* **Recorded information**:
--- START ---

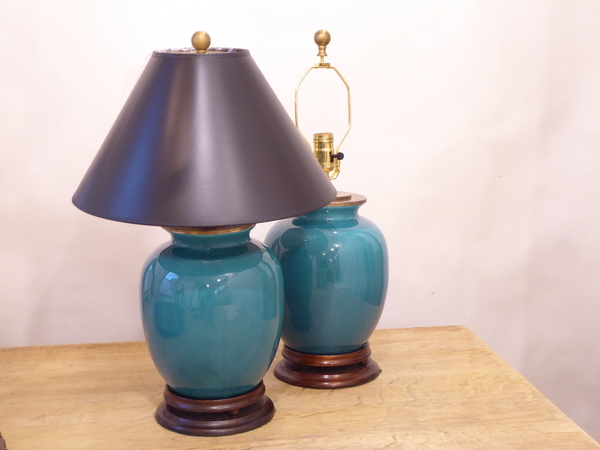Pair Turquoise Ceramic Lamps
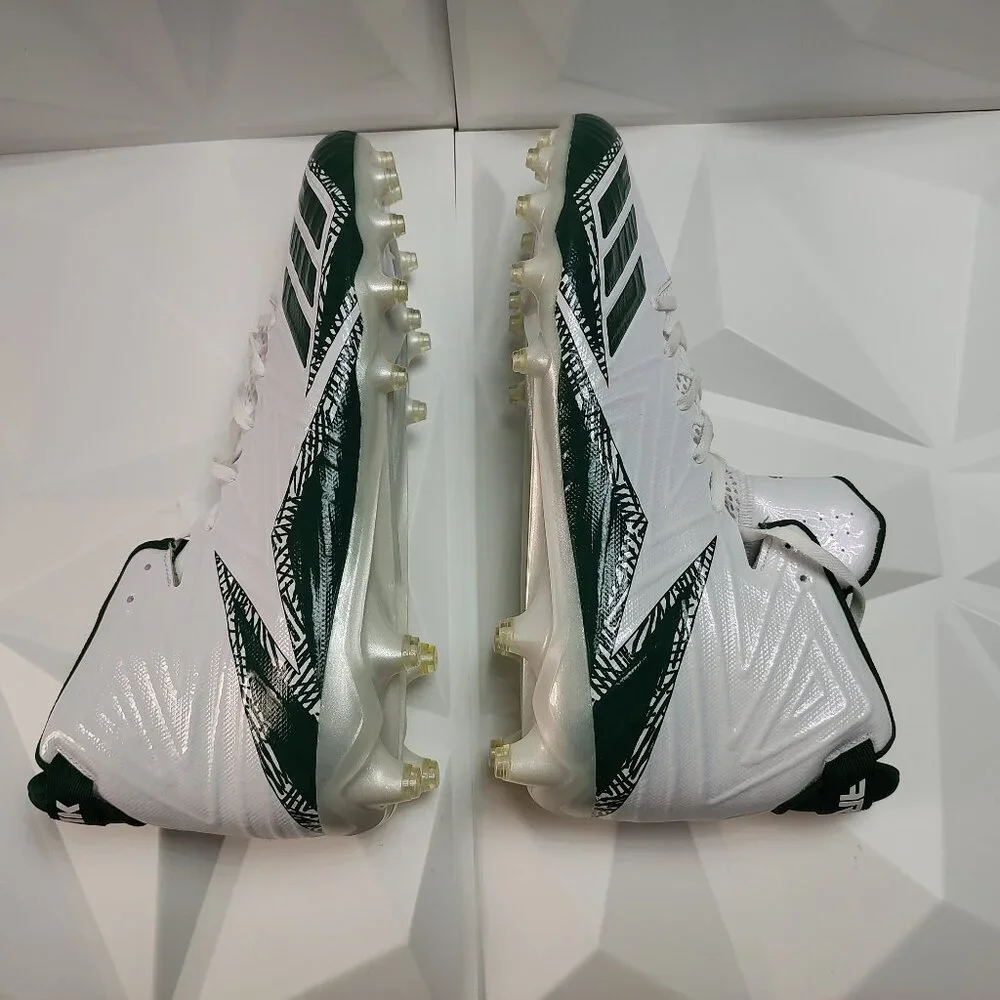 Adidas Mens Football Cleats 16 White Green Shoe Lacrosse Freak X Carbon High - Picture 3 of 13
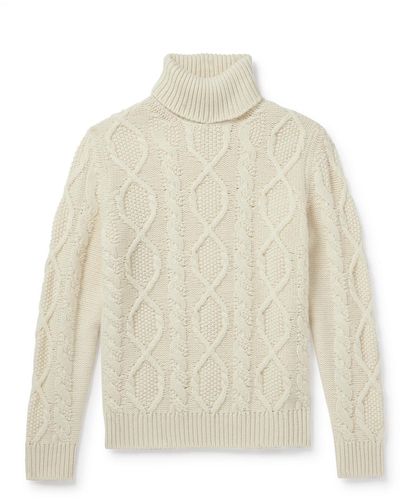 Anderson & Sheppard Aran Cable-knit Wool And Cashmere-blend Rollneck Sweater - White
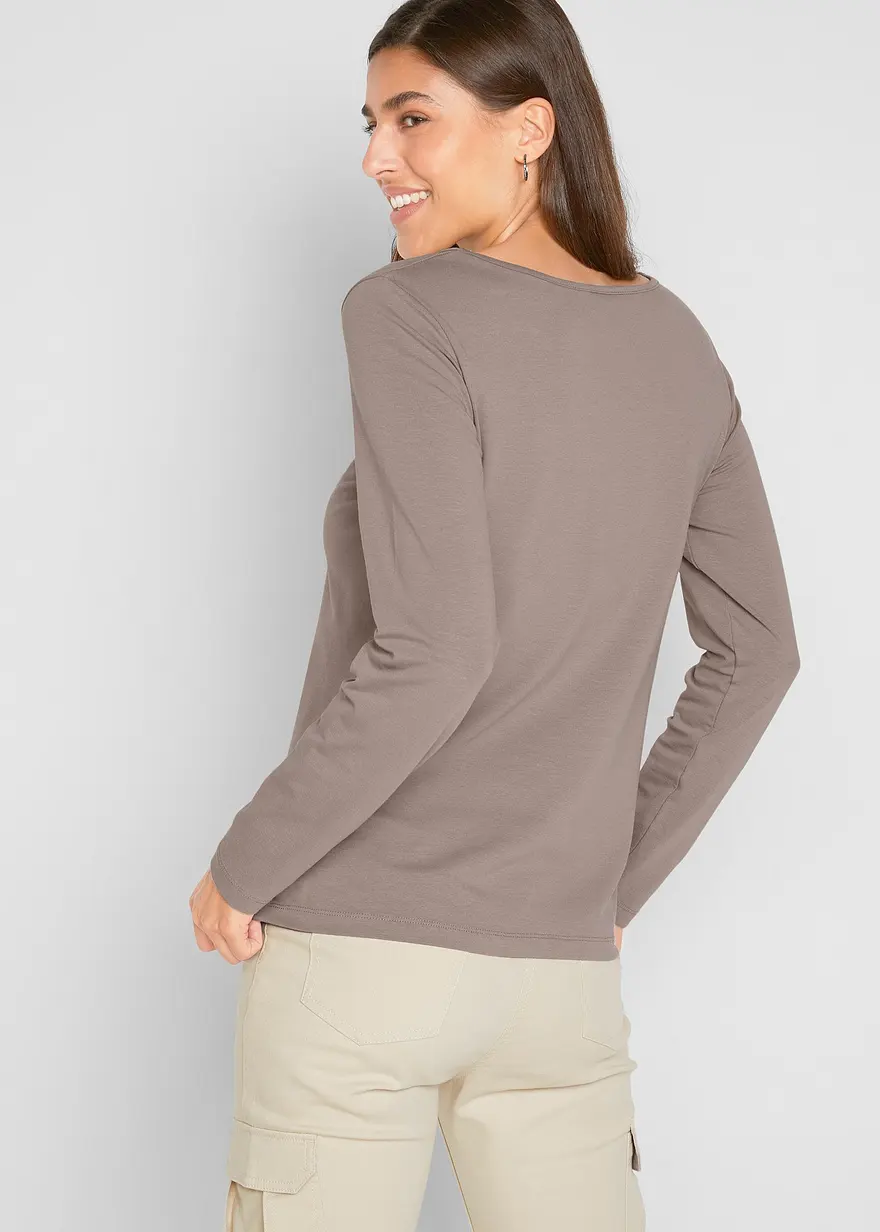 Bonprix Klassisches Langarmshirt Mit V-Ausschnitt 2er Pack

--- END ---

* **What is needed**: Write the lines from the line containing "Adidas Mens Football" through the last line of the data out again exactly, and only those lines; pictures stay out.

* **Response**:
 Adidas Mens Football Cleats 16 White Green Shoe Lacrosse Freak X Carbon High - Picture 3 of 13
 Anderson & Sheppard Aran Cable-knit Wool And Cashmere-blend Rollneck Sweater - White
 Bonprix Klassisches Langarmshirt Mit V-Ausschnitt 2er Pack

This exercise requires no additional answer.